— What the task asks —
Leaving the pictures aside, restate all of the data exactly.
─── Data below
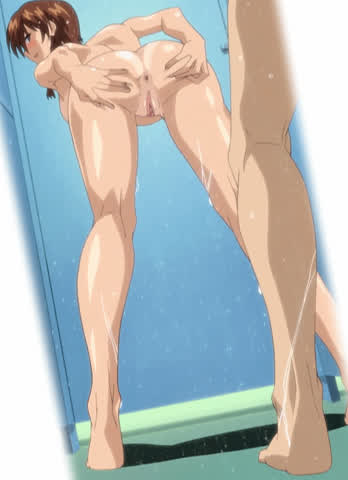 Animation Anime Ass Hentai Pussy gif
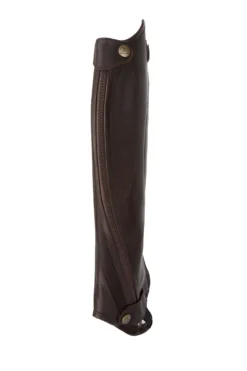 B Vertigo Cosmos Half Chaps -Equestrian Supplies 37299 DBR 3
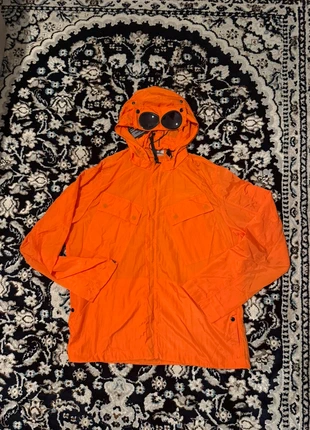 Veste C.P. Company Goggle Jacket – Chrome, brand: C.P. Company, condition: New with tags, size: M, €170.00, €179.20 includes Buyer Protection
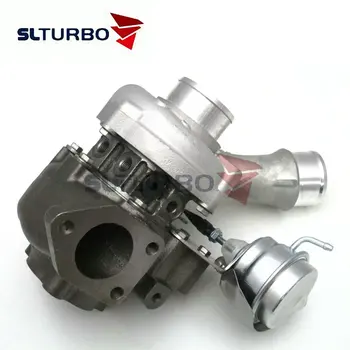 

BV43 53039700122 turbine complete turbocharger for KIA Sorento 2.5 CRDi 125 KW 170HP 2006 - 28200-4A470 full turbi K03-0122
──────
— Solution to this task —
 Animation Anime Ass Hentai Pussy gif
 B Vertigo Cosmos Half Chaps -Equestrian Supplies 37299 DBR 3
 Veste C.P. Company Goggle Jacket – Chrome, brand: C.P. Company, condition: New with tags, size: M, €170.00, €179.20 includes Buyer Protection

BV43 53039700122 turbine complete turbocharger for KIA Sorento 2.5 CRDi 125 KW 170HP 2006 - 28200-4A470 full turbi K03-0122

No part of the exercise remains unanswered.